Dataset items
+ + + +
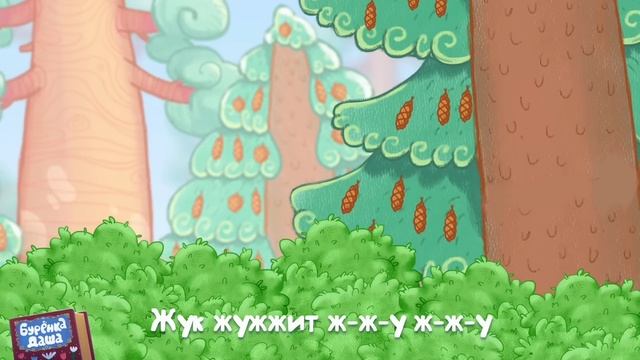 Утро, день, вечер____ Бурёнка даша_____Песня для детей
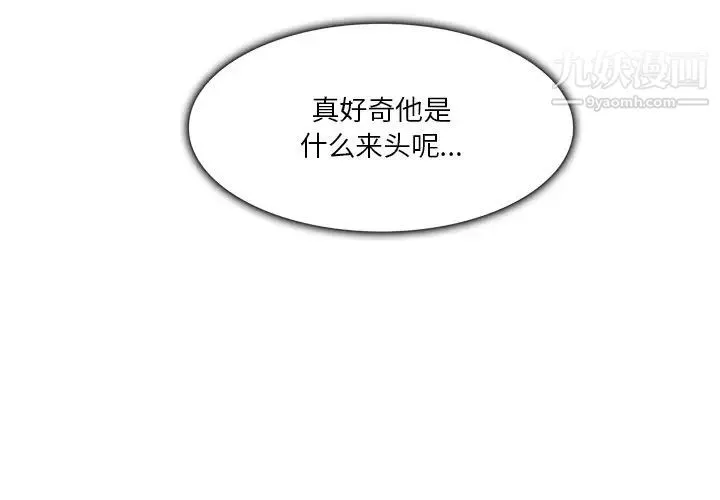 命中注定爱上你 - 第5话 - page 4
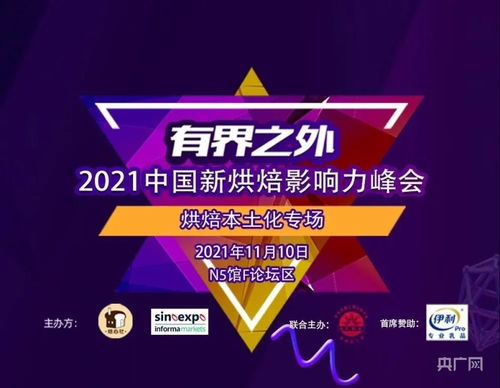 上海環(huán)球食品展9號(hào)開展 餐飲食品行業(yè)的未來(lái)風(fēng)向與網(wǎng)絡(luò)文化經(jīng)營(yíng)新趨勢(shì)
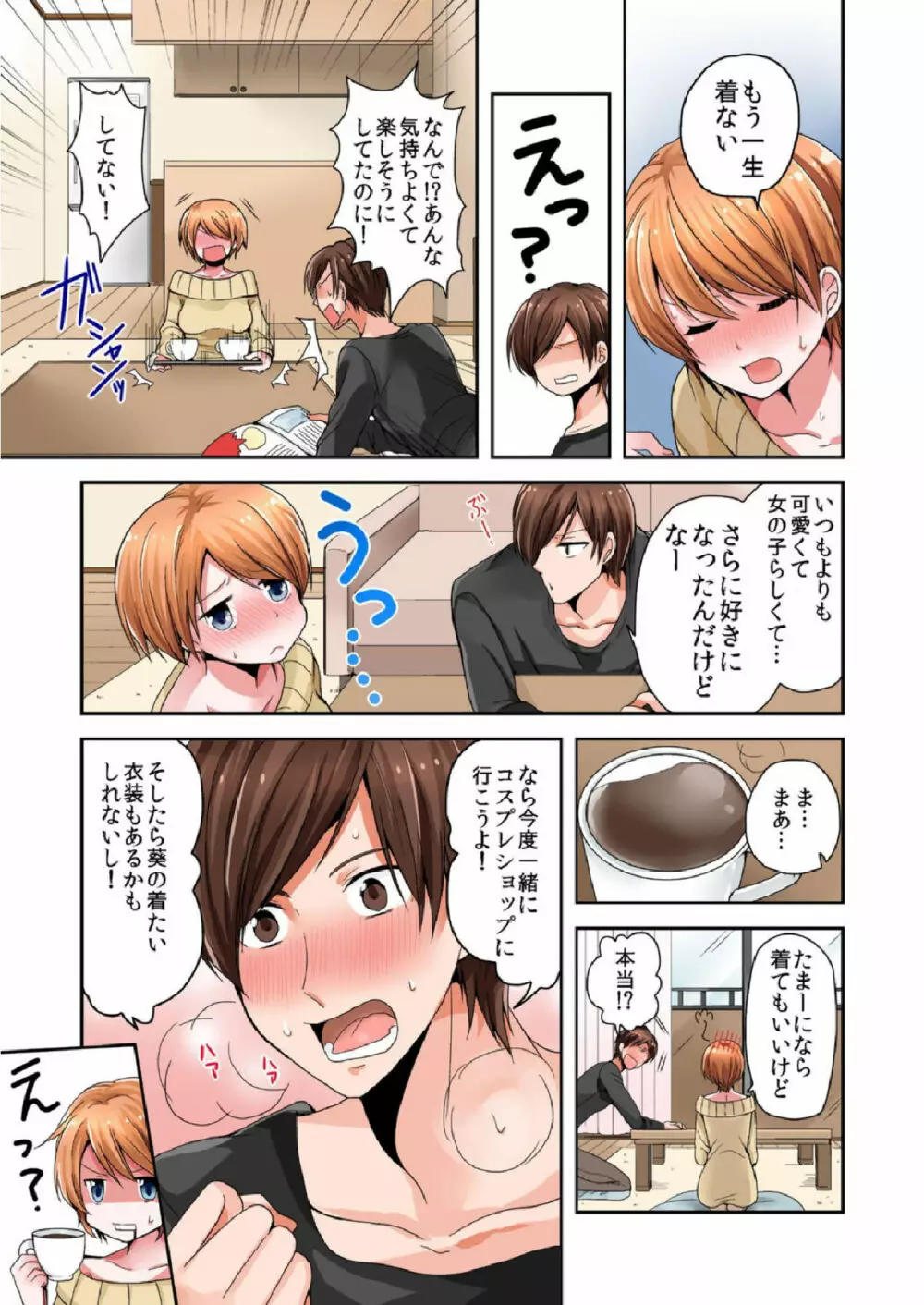 バナナメイト Vol.5 Page.53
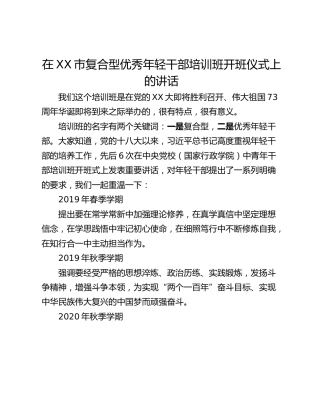 在XX市复合型优秀年轻干部培训班开班仪式上的讲话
+ + + +
REQUIRED WORK ▸ Every line above is to be duplicated exactly; no picture should be carried over.

ANSWER BELOW ▸
 Утро, день, вечер____ Бурёнка даша_____Песня для детей
 命中注定爱上你 - 第5话 - page 4
 上海環(huán)球食品展9號(hào)開展 餐飲食品行業(yè)的未來(lái)風(fēng)向與網(wǎng)絡(luò)文化經(jīng)營(yíng)新趨勢(shì)
 バナナメイト Vol.5 Page.53
 在XX市复合型优秀年轻干部培训班开班仪式上的讲话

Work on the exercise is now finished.